接着上节说起。最后一句“适机可作”——作什厶?作秀,或者做戏。
作秀的本质是“不认真,不是出于真心”。如果出于真心,四十几年前就作了,还用等到今天?
是不是不允许人家改正错误,不给以时间?
给以时间,我们看看四十几年,宋彬彬都作了些什么?至少四次站台。
第一次,是风格极高地为毛的无产阶级文化大革命站台,并为毛佩戴红卫兵袖章。
第二次,是革命大串联中为湖北省省委站台,“坚信湖北省省委是革命的,是毛主席的革命路线的”。
第三次,是以师大女附中“名誉校友”的身份,再次为毛的文化大革命站台。
第四次,以道歉的行为,自我承担文革中的罪孽,为毛开脱。具体揭示“两个三十年互不矛盾”。

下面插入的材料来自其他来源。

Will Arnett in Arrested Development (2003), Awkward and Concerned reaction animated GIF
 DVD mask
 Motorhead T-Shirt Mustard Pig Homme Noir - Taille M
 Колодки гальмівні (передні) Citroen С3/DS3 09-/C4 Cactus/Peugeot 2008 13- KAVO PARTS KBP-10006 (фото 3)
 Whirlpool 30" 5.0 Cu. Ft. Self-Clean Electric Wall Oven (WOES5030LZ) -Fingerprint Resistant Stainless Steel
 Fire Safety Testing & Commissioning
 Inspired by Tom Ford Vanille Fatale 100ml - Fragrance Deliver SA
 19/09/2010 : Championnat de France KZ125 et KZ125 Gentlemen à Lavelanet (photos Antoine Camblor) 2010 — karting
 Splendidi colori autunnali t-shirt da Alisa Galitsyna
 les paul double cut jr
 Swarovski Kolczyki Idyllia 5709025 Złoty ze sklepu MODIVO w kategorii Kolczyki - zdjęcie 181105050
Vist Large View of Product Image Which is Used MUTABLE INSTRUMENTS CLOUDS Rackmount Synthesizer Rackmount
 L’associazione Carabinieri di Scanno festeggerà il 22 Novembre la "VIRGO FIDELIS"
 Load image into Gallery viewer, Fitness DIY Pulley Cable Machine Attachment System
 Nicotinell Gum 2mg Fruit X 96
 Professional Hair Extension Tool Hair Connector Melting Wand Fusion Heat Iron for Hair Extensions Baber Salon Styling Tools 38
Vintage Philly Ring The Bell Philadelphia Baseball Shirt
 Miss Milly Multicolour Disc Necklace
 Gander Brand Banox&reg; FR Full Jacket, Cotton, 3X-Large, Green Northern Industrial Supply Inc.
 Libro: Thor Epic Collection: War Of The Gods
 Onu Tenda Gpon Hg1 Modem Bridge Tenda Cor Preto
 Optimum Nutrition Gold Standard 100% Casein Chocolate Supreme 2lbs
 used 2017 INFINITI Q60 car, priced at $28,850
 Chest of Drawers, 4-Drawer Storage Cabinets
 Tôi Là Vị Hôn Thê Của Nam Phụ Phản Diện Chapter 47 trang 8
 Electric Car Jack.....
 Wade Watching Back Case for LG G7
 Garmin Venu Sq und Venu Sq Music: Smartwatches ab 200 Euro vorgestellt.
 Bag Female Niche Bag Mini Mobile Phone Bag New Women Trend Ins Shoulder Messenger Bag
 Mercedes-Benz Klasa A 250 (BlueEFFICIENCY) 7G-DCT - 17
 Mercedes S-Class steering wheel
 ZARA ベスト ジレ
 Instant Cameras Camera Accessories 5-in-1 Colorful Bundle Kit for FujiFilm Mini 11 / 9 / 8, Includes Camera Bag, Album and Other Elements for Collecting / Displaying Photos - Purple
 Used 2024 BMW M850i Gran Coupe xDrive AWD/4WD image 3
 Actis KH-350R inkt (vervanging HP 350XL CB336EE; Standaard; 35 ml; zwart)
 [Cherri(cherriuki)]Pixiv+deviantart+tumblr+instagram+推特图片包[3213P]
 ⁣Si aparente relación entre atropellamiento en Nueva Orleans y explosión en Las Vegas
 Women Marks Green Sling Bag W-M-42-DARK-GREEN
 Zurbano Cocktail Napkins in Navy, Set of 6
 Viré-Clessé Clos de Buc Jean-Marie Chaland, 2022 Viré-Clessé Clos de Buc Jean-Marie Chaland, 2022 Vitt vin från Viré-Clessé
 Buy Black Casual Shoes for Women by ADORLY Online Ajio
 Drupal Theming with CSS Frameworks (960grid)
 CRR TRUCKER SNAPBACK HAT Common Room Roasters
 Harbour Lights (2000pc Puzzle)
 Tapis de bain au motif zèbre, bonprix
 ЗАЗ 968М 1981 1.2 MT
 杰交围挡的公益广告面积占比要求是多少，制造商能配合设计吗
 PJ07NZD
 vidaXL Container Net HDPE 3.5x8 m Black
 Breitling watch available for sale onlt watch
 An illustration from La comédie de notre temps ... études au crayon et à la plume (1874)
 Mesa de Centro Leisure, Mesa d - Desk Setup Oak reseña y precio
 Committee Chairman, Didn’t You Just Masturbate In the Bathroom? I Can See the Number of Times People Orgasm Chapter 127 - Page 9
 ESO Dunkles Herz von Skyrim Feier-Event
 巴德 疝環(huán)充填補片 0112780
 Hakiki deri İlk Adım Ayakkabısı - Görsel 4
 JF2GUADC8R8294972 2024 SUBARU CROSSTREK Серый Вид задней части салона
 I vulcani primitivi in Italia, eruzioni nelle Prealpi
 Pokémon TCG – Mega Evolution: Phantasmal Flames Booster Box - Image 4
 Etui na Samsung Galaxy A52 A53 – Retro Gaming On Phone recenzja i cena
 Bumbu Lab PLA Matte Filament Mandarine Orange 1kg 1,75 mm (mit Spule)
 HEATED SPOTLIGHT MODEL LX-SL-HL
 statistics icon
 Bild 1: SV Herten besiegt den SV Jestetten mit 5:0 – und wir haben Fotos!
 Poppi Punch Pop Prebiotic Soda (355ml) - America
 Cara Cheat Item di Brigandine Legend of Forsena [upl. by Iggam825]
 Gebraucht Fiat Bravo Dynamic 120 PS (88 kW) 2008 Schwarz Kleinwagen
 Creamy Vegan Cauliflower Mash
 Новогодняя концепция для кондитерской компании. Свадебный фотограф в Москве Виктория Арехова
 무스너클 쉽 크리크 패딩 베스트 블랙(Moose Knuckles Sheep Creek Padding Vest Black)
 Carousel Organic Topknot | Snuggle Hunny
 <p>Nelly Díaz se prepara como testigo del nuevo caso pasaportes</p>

这些历史片段,可能都不是出于宋的自我意愿或真实投入,而是命运的捉弄,那也是‘大家闺秀’的命运所致。但是谁又能想到,正当毛的心里在想着“怎样才能把这些‘小将’的革命暴力煽动起来”?这么多红卫兵里,正好就走来一个“彬彬有礼”者,给他借题发挥的恰恰对题的好名材?
如果宋彬彬反对并且鄙夷“站台”,那么只有马上避谣声明来撇清自己,划清界限。
如果当初没有,只能说至少是默认,默许。四十年后,时过境迁,历史会相信任何迟到的“声明”?文化革命中的受害者和老师,会相信与接受迟到的“道歉”?